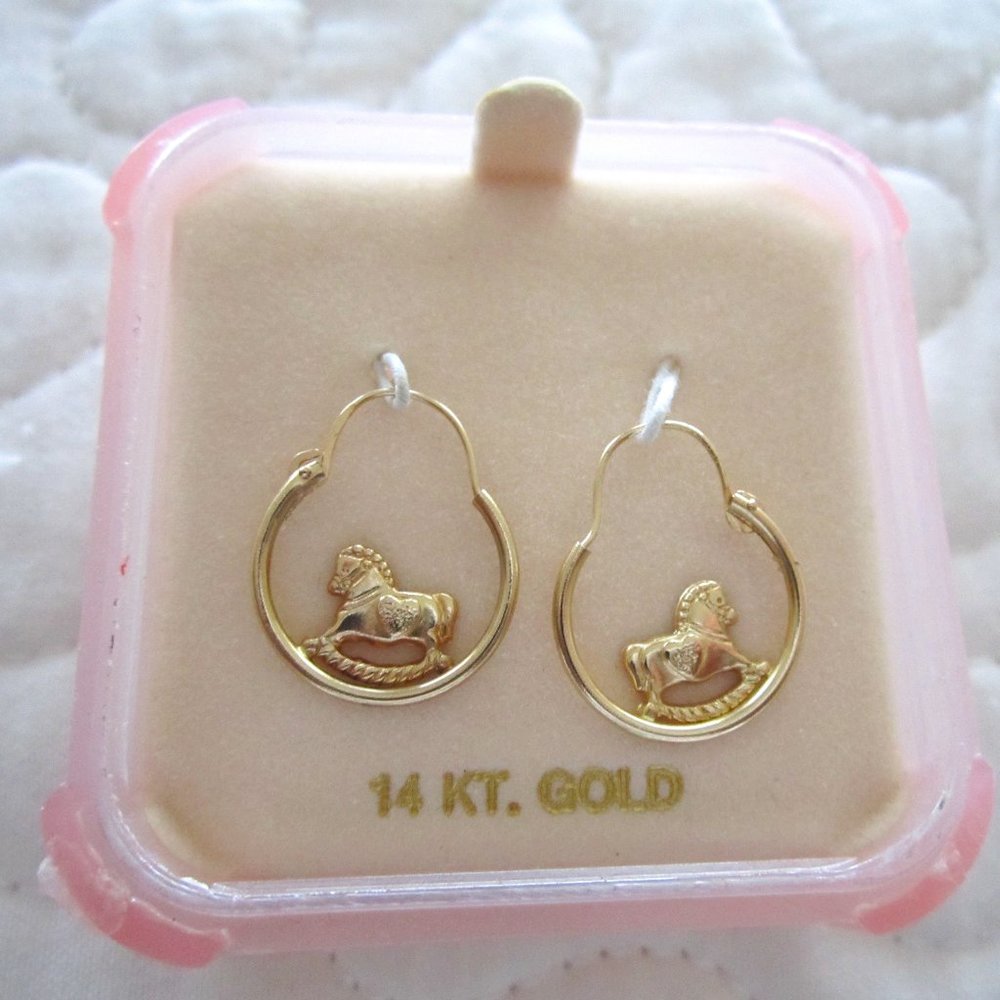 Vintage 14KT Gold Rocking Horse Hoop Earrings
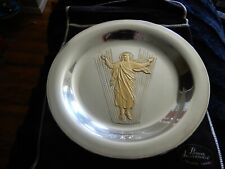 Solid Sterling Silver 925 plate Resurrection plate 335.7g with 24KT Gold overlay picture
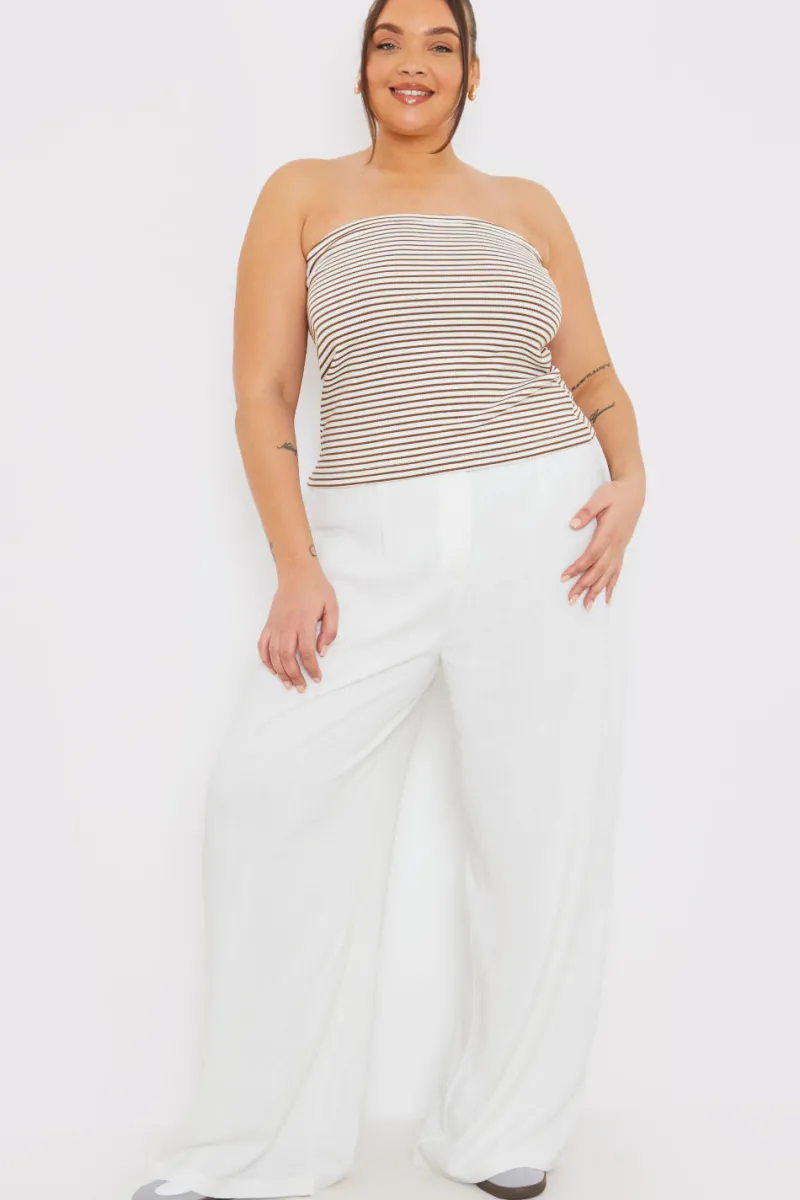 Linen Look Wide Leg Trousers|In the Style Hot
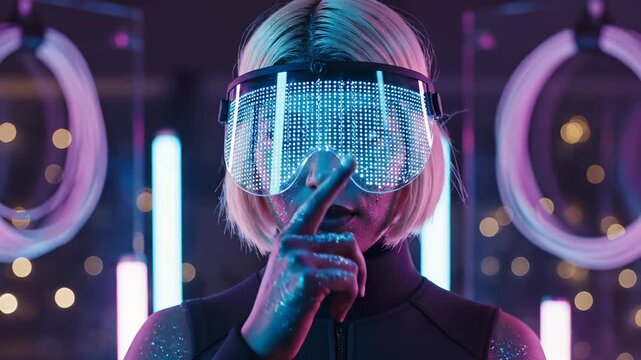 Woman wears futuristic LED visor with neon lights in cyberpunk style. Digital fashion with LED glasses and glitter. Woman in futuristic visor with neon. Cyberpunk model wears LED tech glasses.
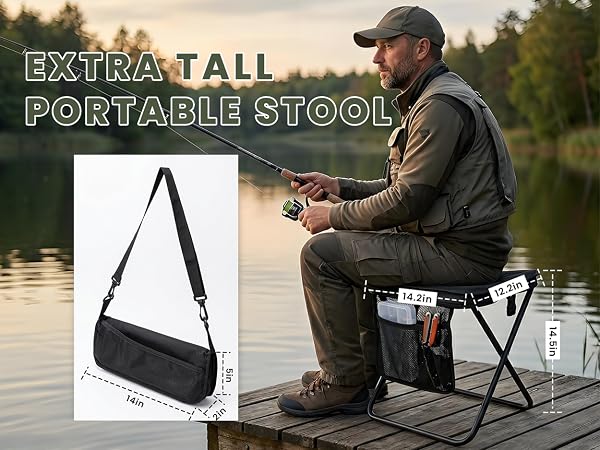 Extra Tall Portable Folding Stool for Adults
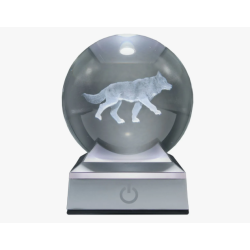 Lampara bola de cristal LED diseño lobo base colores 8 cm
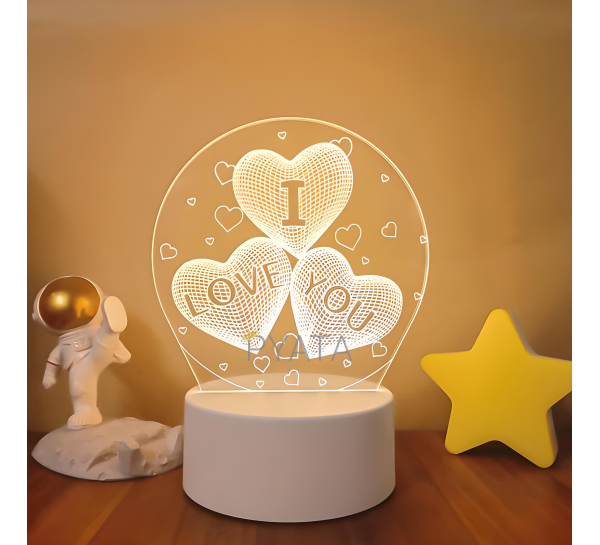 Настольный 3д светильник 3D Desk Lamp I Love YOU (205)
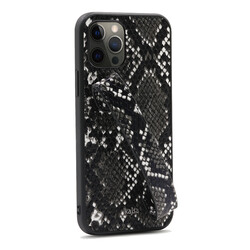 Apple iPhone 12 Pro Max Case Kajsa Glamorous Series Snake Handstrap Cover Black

***

Wherever an image sits in the data, omit it; everything else must be copied exactly.

 Vintage 14KT Gold Rocking Horse Hoop Earrings
 Solid Sterling Silver 925 plate Resurrection plate 335.7g with 24KT Gold overlay picture
 Linen Look Wide Leg Trousers|In the Style Hot
 Woman wears futuristic LED visor with neon lights in cyberpunk style. Digital fashion with LED glasses and glitter. Woman in futuristic visor with neon. Cyberpunk model wears LED tech glasses.
 Extra Tall Portable Folding Stool for Adults
 Lampara bola de cristal LED diseño lobo base colores 8 cm
 Настольный 3д светильник 3D Desk Lamp I Love YOU (205)
 Apple iPhone 12 Pro Max Case Kajsa Glamorous Series Snake Handstrap Cover Black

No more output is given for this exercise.